(Collected data)
>>>

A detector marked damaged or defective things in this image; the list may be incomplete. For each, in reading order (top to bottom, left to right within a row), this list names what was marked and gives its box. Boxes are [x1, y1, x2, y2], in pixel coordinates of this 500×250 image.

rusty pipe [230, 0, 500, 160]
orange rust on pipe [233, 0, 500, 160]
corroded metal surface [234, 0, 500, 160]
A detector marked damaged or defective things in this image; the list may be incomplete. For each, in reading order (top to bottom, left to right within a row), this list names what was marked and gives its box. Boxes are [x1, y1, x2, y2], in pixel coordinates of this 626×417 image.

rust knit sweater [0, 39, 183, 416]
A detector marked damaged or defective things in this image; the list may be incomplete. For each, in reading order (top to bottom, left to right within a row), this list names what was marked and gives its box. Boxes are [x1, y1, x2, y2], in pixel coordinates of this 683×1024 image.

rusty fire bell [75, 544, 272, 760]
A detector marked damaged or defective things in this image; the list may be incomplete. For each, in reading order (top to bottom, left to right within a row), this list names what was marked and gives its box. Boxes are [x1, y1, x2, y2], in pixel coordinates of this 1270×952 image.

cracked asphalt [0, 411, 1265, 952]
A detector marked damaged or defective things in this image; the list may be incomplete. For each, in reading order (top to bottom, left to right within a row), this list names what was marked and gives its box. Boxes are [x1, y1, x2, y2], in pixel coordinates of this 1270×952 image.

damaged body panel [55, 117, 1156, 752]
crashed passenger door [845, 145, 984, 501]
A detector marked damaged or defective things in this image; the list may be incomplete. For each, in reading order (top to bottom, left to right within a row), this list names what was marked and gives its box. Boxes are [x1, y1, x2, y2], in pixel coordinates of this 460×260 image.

<<<

> [BRIEF] Copy out all of the records, keeping every line identical.

> [SOLUTION TO THIS TASK]
A detector marked damaged or defective things in this image; the list may be incomplete. For each, in reading order (top to bottom, left to right within a row), this list names what was marked and gives its box. Boxes are [x1, y1, x2, y2], in pixel coordinates of this 500×250 image.

rusty pipe [230, 0, 500, 160]
orange rust on pipe [233, 0, 500, 160]
corroded metal surface [234, 0, 500, 160]
A detector marked damaged or defective things in this image; the list may be incomplete. For each, in reading order (top to bottom, left to right within a row), this list names what was marked and gives its box. Boxes are [x1, y1, x2, y2], in pixel coordinates of this 626×417 image.

rust knit sweater [0, 39, 183, 416]
A detector marked damaged or defective things in this image; the list may be incomplete. For each, in reading order (top to bottom, left to right within a row), this list names what was marked and gives its box. Boxes are [x1, y1, x2, y2], in pixel coordinates of this 683×1024 image.

rusty fire bell [75, 544, 272, 760]
A detector marked damaged or defective things in this image; the list may be incomplete. For each, in reading order (top to bottom, left to right within a row), this list names what was marked and gives its box. Boxes are [x1, y1, x2, y2], in pixel coordinates of this 1270×952 image.

cracked asphalt [0, 411, 1265, 952]
A detector marked damaged or defective things in this image; the list may be incomplete. For each, in reading order (top to bottom, left to right within a row), this list names what was marked and gives its box. Boxes are [x1, y1, x2, y2], in pixel coordinates of this 1270×952 image.

damaged body panel [55, 117, 1156, 752]
crashed passenger door [845, 145, 984, 501]
A detector marked damaged or defective things in this image; the list may be incomplete. For each, in reading order (top to bottom, left to right within a row), this list names what was marked and gives its box. Boxes are [x1, y1, x2, y2], in pixel coordinates of this 460×260 image.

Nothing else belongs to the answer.